Doch damit war der Spieltag noch lange nicht beendet. Zunächst zogen die wütenden Fans in die Nordtribüne, wo die lautstarken „Vorstand raus“-Rufe sogar in der Pressekonferenz zu hören waren, später ging es dann weiter an den Spielerausgang. Hier warteten viele Fans noch über zwei Stunden noch Abpfiff, doch nur wenige Spieler und Verantwortliche stellten sich. Unter denen, die sich stellten waren allerdings, und das ist bemerkenswert, auch einige, die sich offenkundig ein Machtwort der FCK-Fans und eine außerordentliche Mitgliederversammlung nach Saisonende wünschten.

Eine Ebene höher meldete sich Vorstandssprecher Hans-Artur Bauckhage mit der lapidaren Aussage zu Wort, dass „der Vorstand ja nicht auf dem Platz steht“. Gleichzeitig zeigte sich Aufsichtsratsmitglied Dieter Rombach optimistisch, dass der herbeigesehnte „Messias“ Stefan Kuntz in den nächsten Tagen seinen Vertrag als Vorstandsvorsitzender unterschreiben wird. Der derzeitige Vorstandsvorsitzende Erwin Göbel sah die Chancen auf ein Kuntz-Engagement hingegen nur bei „50:50“. Noch vor wenigen Wochen versicherten Mitglieder von Vorstand und Aufsichtsrat den Vertretern der Fanszene in einer fairen Diskussion, dass die Außendarstellung des Vereins unter anderem dadurch verbessert werden soll, dass sich zu wirtschaftlich-organisatorischen Dingen nur noch Vorstandssprecher Bauckhage und zu sportlichen Dingen nur noch der mittlerweile zurückgetretene Team-Manager Fritz Fuchs äußern werden. Warum treten dann erneut Rombach und Göbel vor die Mikrofone und liefern dort auch noch widersprüchliche Aussagen?
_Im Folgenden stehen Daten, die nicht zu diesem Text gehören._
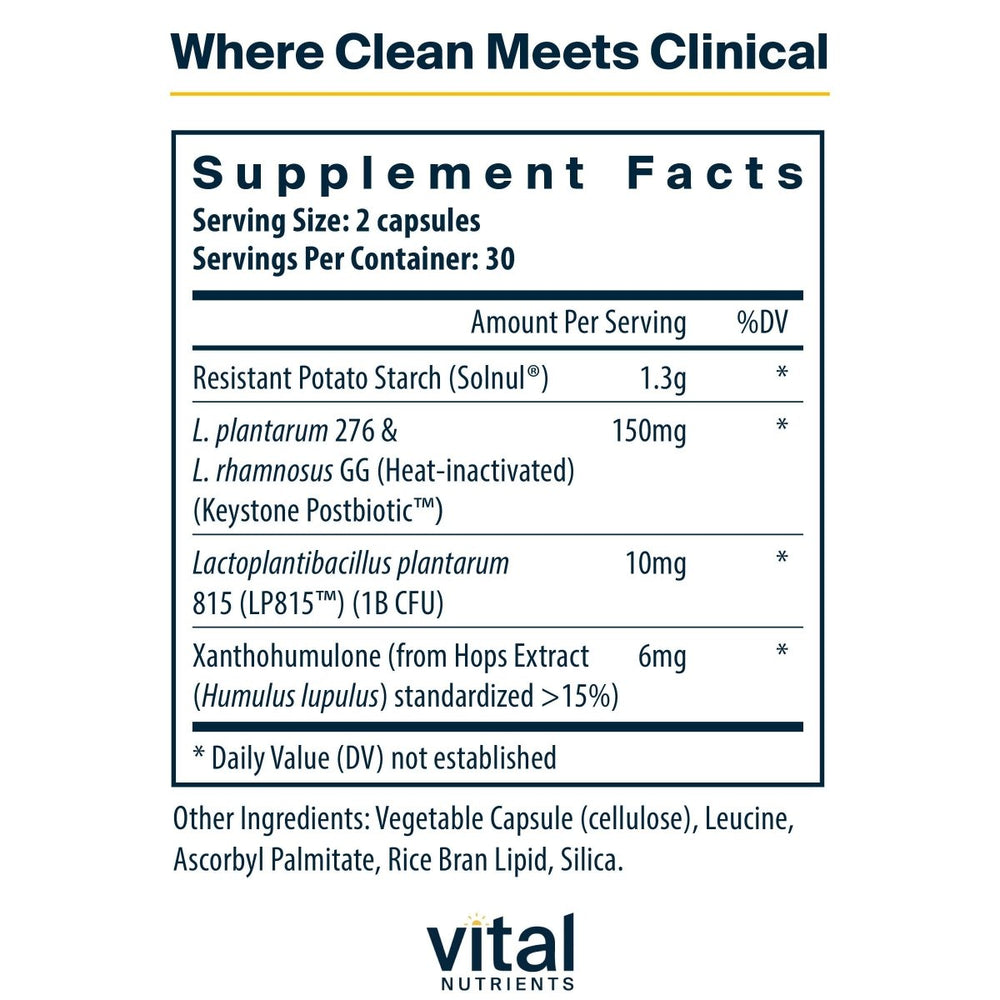 Vital Nutrients GLP - 1 Complete | GLP - 1 Probiotic, Prebiotic, Postbiotic + Hops Extract | Fast - Acting GLP - 1 Activators Helps Curb Cravings | Vegan, Dairy & Gluten Free | 60 Capsules - The Oasis of Health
Fest steht: Die Fans und Mitglieder des 1. FC Kaiserslautern warten auf Stefan Kuntz und sehen in ihm den letzten, einzigen Hoffnungsträger für eine bessere Zukunft. Der Abstieg scheint besiegelt, doch auch in der dritten Liga hat der FCK eine Zukunft, sofern es keine neuen finanziellen Probleme geben wird. Stefan Kuntz soll also Anfang kommender Woche endgültig unterschreiben, gleichzeitig sollen laut Gerüchten einige Aufsichtsratsmitglieder zurücktreten und den Weg für Neuwahlen freimachen. Wenn die Verpflichtung von Kuntz platzt, ist davon auszugehen, dass der Betzenberg explodiert!